[Opening Material provided section]
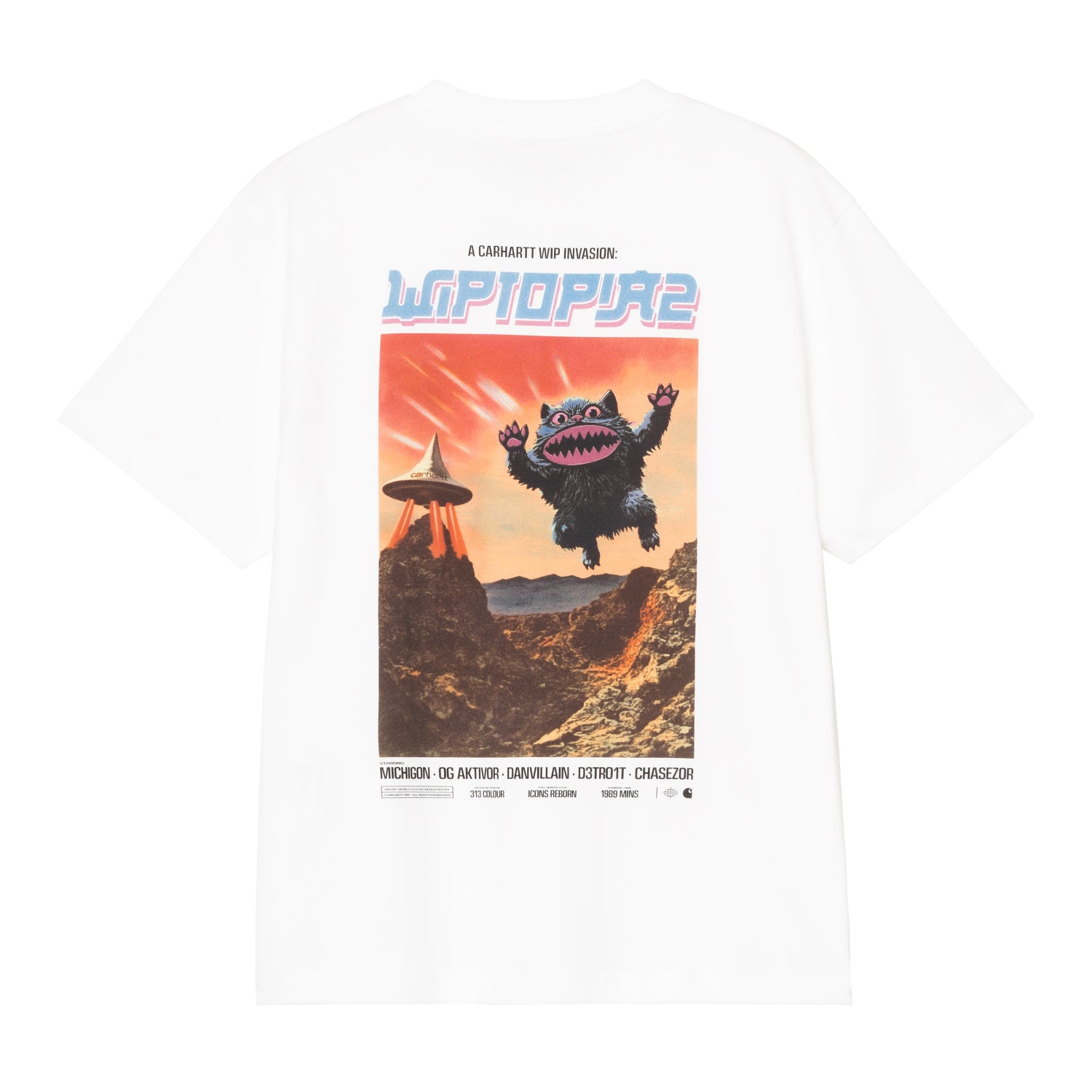 W' S/S Wiptopia II T-Shirt - White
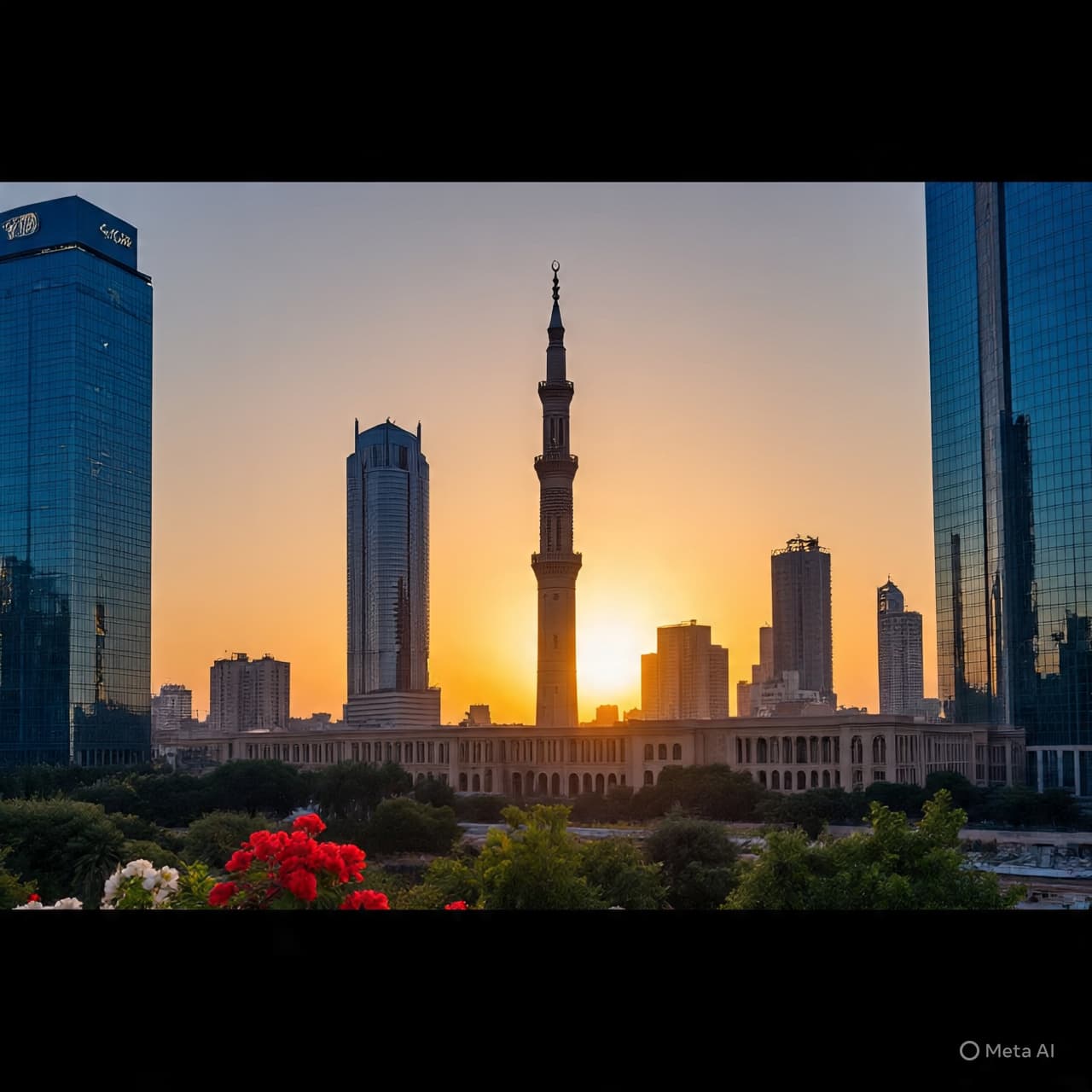 The Blueprint of Memory: Reflections on a Rising Skyline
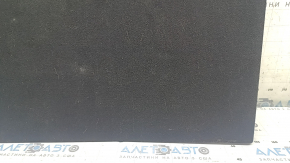 The central trunk floor of a Toyota Rav4 19-24 is black and needs cleaning.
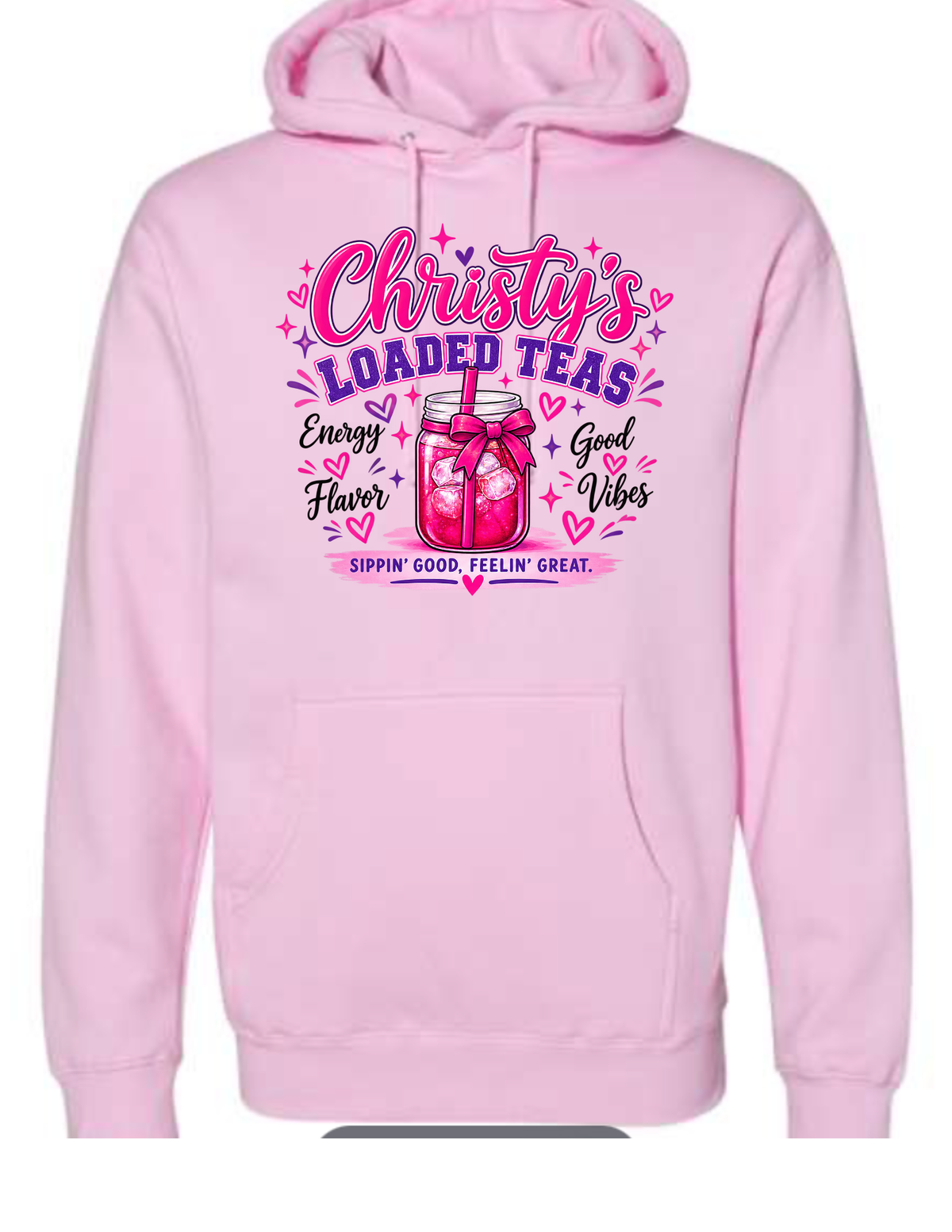 Christys Loaded Tea Merch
[Closing Material provided section]
Problem requirements:
To answer, repeat exactly the lines from the line containing "The Blueprint of" through the last line of the data above, leaving out all pictures.

Your response:
 The Blueprint of Memory: Reflections on a Rising Skyline
 The central trunk floor of a Toyota Rav4 19-24 is black and needs cleaning.
 Christys Loaded Tea Merch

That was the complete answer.